Start of Records supplied
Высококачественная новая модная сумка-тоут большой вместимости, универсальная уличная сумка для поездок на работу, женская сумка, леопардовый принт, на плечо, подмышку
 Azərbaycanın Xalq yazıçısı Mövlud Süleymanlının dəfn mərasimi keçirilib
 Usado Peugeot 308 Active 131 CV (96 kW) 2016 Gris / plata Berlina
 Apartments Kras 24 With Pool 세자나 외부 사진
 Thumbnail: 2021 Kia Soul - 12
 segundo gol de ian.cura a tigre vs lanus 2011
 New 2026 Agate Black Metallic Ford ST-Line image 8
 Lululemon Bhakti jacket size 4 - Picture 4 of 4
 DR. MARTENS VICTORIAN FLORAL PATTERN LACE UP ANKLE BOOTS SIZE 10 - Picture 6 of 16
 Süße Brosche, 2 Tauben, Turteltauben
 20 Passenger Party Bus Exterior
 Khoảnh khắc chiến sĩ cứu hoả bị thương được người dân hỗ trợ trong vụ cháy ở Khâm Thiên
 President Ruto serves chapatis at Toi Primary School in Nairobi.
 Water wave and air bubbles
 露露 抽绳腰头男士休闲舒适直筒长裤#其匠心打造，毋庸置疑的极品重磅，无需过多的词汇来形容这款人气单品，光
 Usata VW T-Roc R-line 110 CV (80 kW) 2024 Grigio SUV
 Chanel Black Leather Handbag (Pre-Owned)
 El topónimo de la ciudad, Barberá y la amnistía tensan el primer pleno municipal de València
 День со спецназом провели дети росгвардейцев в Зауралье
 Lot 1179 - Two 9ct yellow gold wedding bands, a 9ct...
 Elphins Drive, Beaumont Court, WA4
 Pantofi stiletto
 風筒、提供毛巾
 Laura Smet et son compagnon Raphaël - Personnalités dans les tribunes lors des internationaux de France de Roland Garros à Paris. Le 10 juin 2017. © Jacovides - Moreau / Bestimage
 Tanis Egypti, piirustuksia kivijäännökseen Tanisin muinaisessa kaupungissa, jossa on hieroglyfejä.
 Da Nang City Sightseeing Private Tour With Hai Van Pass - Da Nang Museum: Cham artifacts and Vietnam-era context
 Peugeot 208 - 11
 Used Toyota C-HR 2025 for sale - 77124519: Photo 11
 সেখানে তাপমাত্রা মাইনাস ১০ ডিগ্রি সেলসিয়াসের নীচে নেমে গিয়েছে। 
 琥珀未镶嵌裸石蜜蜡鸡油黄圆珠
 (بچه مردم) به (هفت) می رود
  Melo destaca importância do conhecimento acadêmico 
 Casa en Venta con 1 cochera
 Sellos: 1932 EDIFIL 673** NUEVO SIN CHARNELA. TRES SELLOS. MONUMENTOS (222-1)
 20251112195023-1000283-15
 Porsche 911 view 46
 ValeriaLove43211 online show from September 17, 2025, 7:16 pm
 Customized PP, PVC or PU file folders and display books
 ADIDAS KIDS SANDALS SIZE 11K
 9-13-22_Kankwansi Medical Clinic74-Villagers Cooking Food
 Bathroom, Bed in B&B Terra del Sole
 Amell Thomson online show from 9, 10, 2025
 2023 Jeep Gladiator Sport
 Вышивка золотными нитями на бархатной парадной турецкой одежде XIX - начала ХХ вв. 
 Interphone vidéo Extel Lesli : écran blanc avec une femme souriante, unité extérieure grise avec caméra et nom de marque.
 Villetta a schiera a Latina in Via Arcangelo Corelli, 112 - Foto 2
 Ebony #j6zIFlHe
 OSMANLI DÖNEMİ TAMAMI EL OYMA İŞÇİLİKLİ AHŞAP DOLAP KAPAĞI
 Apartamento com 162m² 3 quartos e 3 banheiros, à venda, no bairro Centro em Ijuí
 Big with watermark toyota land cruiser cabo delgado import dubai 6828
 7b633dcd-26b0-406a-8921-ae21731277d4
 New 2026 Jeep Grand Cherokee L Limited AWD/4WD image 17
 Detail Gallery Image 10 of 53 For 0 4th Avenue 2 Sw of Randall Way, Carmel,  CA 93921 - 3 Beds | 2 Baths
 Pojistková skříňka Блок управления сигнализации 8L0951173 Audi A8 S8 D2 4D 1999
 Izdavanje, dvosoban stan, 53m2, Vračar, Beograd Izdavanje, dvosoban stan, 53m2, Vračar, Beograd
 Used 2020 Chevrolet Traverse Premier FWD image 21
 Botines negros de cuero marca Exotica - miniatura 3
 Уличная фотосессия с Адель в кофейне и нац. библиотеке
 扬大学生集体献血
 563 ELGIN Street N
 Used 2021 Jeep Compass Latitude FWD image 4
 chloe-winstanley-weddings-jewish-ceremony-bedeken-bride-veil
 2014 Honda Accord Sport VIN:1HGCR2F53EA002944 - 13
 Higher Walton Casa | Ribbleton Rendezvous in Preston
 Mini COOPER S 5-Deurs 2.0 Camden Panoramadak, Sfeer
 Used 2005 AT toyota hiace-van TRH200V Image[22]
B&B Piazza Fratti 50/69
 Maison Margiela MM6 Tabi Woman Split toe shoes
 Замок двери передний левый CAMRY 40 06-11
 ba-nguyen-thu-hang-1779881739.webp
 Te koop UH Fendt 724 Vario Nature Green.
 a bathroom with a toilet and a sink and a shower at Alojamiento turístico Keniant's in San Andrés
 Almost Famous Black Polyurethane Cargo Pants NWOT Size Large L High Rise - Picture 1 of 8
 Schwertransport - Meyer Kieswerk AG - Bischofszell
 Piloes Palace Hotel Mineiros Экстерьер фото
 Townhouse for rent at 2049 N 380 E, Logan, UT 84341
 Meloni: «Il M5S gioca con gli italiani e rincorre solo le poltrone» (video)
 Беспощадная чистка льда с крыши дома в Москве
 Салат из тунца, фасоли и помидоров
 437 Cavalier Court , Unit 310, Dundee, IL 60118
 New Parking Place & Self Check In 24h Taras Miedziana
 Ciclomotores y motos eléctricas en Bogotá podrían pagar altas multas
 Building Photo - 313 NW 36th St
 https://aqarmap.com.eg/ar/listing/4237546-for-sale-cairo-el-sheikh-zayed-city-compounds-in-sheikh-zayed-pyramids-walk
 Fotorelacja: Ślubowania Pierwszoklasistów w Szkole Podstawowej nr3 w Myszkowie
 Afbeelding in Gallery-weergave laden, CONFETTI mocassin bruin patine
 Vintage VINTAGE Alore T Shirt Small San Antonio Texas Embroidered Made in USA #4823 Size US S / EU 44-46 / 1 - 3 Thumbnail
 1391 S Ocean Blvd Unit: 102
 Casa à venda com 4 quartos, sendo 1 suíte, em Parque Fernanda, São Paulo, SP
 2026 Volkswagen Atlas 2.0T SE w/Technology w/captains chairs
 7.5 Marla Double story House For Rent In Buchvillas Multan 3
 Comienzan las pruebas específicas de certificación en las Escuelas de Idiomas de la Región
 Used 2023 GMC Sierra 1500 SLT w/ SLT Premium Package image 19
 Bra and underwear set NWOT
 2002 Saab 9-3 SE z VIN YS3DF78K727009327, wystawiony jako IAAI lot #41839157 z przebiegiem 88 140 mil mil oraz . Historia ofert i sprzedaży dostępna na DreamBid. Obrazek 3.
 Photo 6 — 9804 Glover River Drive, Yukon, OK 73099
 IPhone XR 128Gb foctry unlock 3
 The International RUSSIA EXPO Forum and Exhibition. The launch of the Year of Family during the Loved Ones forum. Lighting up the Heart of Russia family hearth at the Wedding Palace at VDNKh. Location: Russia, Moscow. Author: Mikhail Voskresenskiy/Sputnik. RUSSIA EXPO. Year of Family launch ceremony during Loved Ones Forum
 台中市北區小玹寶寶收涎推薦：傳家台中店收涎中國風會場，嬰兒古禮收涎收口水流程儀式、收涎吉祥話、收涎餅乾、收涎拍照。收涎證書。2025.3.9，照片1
End of Records supplied
## What you are asked to do:
Using the records above, filter out every line that lacks the string "ceremony" and copy the rest.

## Solution below:
 chloe-winstanley-weddings-jewish-ceremony-bedeken-bride-veil
 The International RUSSIA EXPO Forum and Exhibition. The launch of the Year of Family during the Loved Ones forum. Lighting up the Heart of Russia family hearth at the Wedding Palace at VDNKh. Location: Russia, Moscow. Author: Mikhail Voskresenskiy/Sputnik. RUSSIA EXPO. Year of Family launch ceremony during Loved Ones Forum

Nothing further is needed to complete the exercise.